### Task requirements
With the pictures left aside, write out exactly the lines of the listing below from the line with "Microsorum pteropus Java Fern 'Narrow Mini'" to the line with "What Is A Non Profit Company BeingAnAnalyst", both included, and only those.

### Input for this task
______________________________

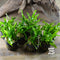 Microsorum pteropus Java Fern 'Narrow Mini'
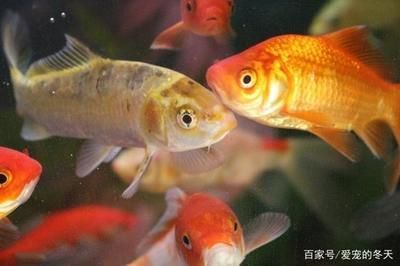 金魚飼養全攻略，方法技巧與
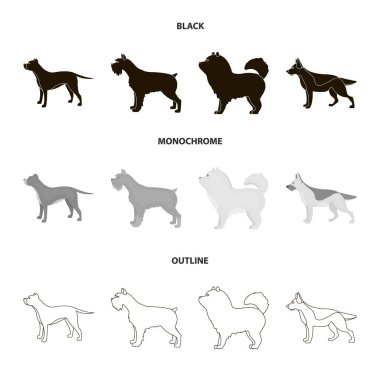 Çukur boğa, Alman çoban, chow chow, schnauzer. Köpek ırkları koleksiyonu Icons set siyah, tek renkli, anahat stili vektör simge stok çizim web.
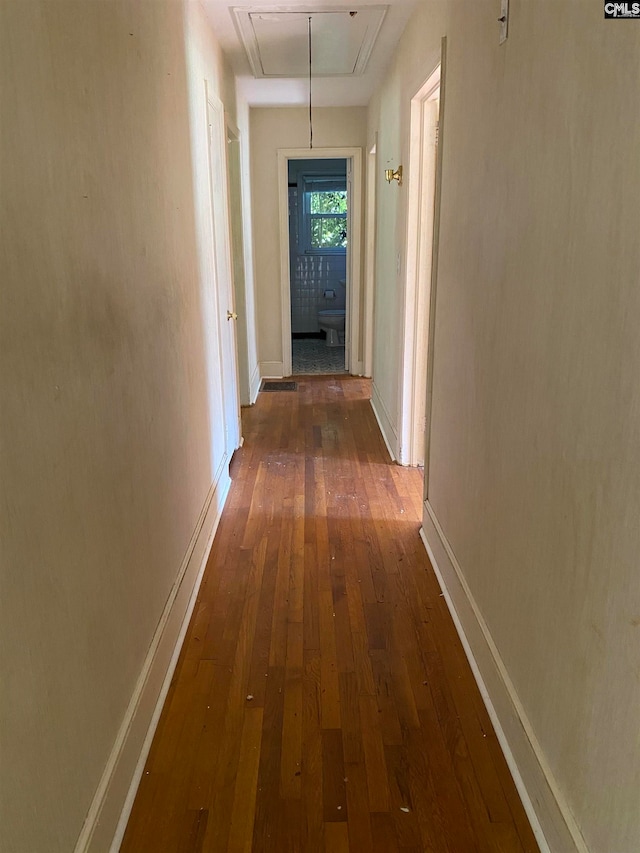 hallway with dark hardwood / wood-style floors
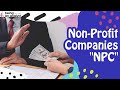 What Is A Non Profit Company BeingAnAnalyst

______________________________

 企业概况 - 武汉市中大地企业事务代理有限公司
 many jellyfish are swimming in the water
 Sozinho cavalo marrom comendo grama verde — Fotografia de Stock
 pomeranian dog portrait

______________________________

### Finished task
 Microsorum pteropus Java Fern 'Narrow Mini'
 金魚飼養全攻略，方法技巧與
 Çukur boğa, Alman çoban, chow chow, schnauzer. Köpek ırkları koleksiyonu Icons set siyah, tek renkli, anahat stili vektör simge stok çizim web.
 hallway with dark hardwood / wood-style floors
 What Is A Non Profit Company BeingAnAnalyst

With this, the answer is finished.